Amid rising interest rates that usually don't bode well for real estate growth, Tata Mutual Fund (Tata MF) has launched a housing fund, which is just the third fund in the category.
Tata Housing Opportunities Fund aims to take advantage of the demand revival in the housing sector. However, the thematic fund is not a pure-play bet on housing stocks but will cover a large set of businesses linked to the housing sector for generating higher returns.
With higher allocation to building materials, the Tata fund debuts at a time when the oldest fund in the category has not delivered reasonable returns yet. The new fund offer (NFO) opened on August 16.
The scheme
The fund will be benchmarked against the Nifty Housing Index, which comprises 50 stocks, but will invest in a larger set of stocks and businesses. It aims to take advantage of various factors that are reviving demand in the housing sector – lower prices, low home loan rates, higher urbanisation, low unsold inventory and new project launches.
What works?
Tejas Gutka, the manager of Tata Housing Opportunities Fund, says that unlike the benchmark index which is more infrastructure-focused, the fund will look to play the housing theme through a wide range of sectors. “We will focus heavily on the building materials sector, which could account for as much as 70 percent of our portfolio allocation.

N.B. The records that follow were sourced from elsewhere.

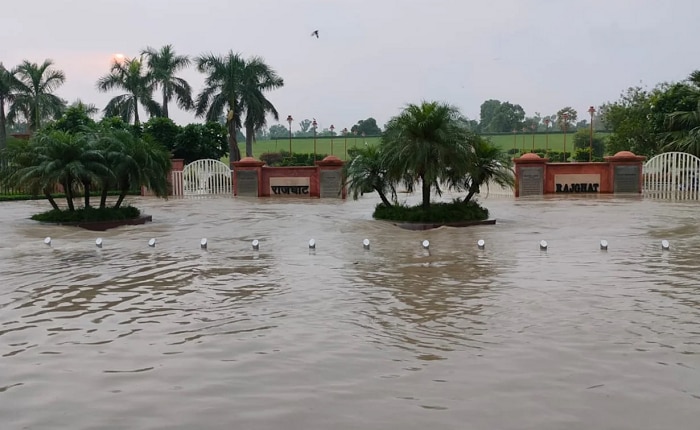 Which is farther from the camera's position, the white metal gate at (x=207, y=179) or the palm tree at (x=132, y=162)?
the white metal gate at (x=207, y=179)

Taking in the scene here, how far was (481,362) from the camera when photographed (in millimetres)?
5672

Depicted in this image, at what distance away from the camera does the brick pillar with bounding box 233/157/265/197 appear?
32688mm

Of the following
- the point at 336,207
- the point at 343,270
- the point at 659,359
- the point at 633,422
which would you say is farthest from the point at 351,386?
the point at 336,207

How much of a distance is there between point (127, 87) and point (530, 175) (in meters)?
31.7

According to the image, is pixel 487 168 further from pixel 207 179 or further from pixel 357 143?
pixel 357 143

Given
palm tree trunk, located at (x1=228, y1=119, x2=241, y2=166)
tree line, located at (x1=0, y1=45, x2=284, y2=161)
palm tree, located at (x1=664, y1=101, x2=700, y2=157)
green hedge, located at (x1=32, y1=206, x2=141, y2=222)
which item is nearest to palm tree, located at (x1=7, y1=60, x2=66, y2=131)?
tree line, located at (x1=0, y1=45, x2=284, y2=161)

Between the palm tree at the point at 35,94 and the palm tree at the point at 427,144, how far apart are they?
3774 cm

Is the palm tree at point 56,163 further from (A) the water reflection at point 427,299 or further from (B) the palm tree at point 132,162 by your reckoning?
(A) the water reflection at point 427,299

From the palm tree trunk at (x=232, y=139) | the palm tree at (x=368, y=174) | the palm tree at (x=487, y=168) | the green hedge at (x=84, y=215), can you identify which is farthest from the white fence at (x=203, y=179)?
the palm tree at (x=487, y=168)

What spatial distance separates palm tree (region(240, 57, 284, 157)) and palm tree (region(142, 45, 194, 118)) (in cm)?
548

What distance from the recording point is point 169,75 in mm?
49688

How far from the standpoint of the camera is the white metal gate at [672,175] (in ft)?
95.9

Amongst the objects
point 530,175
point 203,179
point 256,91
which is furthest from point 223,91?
point 530,175

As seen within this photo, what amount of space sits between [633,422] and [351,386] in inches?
78.4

Also read: ICICI Mutual Fund collects Rs 3,000 crore for housing opportunities fund
Also, the portfolio allocation will have sizeable mid- and small-cap stocks (around 40-50 percent allocation in initial portfolio), which is also where most of these businesses are,” Gutka said.

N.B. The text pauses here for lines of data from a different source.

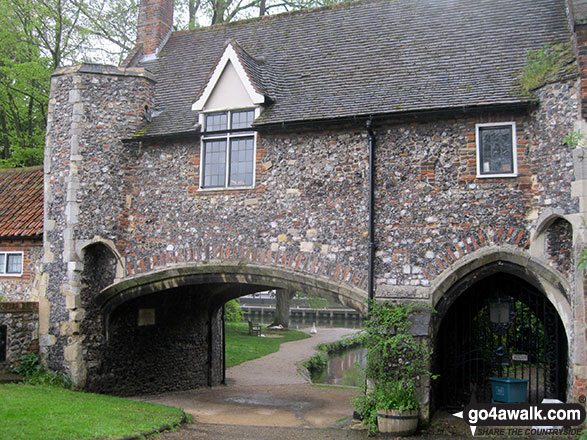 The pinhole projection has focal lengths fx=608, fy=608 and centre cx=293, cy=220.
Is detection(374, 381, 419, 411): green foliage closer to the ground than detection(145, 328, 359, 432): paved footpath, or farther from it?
farther from it

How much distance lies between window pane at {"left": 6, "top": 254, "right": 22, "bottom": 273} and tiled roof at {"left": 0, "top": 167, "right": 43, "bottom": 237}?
538 millimetres

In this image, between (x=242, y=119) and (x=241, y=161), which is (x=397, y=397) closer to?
(x=241, y=161)

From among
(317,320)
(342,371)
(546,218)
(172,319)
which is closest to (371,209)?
(546,218)

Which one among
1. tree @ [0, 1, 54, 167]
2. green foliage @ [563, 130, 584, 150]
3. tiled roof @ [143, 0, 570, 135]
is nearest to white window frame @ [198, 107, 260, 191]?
tiled roof @ [143, 0, 570, 135]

This is also where the fund differentiates from the housing index, which has 88 percent exposure to large-cap stocks.
Focus on mid- and small-cap stocks can help the fund deliver better returns when the broader markets rally.
Building materials would include businesses such as paints, tiles, ply, sanitaryware and cement. The fund would also take exposure to other sectors linked to housing such as housing finance, consumer electricals and banks.
What doesn’t?
The real estate sector can go through long business cycles, both on the upside and downside. The first and the oldest fund launched in the category – HDFC Housing Opportunities Fund – has not yet delivered reasonable returns. Since its launch in December 2017, the fund has given just 5.6 percent returns.

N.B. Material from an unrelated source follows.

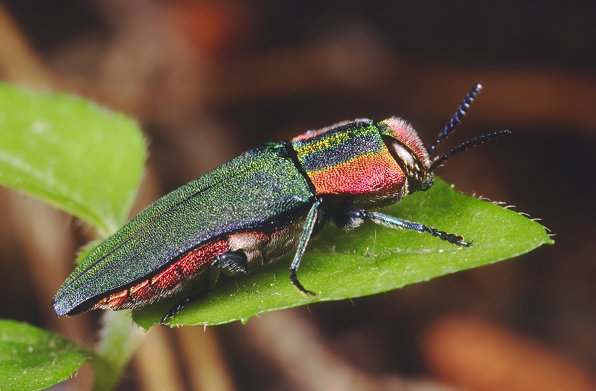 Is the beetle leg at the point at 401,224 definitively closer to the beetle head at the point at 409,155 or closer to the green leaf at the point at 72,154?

However, Gutka says that the focus on wider sectors such as building materials will help to curb the volatility. “These businesses can see reasonable growth rates, even if housing demand is going through a slowdown. This is because, for these businesses, there is a reasonable replacement demand,” he says. “In the last ten years, when real estate has not done anything, all of these stocks have delivered reasonable returns.
These businesses have grown their topline at anywhere between 12 per cent and 15 percent on the compounded annualised basis because there is a reasonable replacement demand, and there is a shift from unorganised to organised sector. The portfolio offers good upside participation to real estate as these companies will grow faster when real estate sees good growth, as well as downside protection,” he adds.
Rising interest rates are another concern, but Gutka says that the Reserve Bank of India has normalised interest rates to pre-Covid levels and the sharp upmove from here seems unlikely.
Financial planners say timing is critical when it comes to thematic or sector-based funds. “It is not the entry in such funds, but also timing your exit that can impact your investment returns,” says Amol Joshi, founder of Plan Rupee Investment Services.
Moneycontrol’s take
Diversified equity funds also allow fund managers to take sector or theme-based calls. But theme-based and sector-funds can be more concentrated bets. Such funds are more suitable for savvy investors who can enter and exit the fund at the right time. Savvy investors can consider investing some part of their portfolio in the fund after it builds a credible track record. The NFO closes on August 29.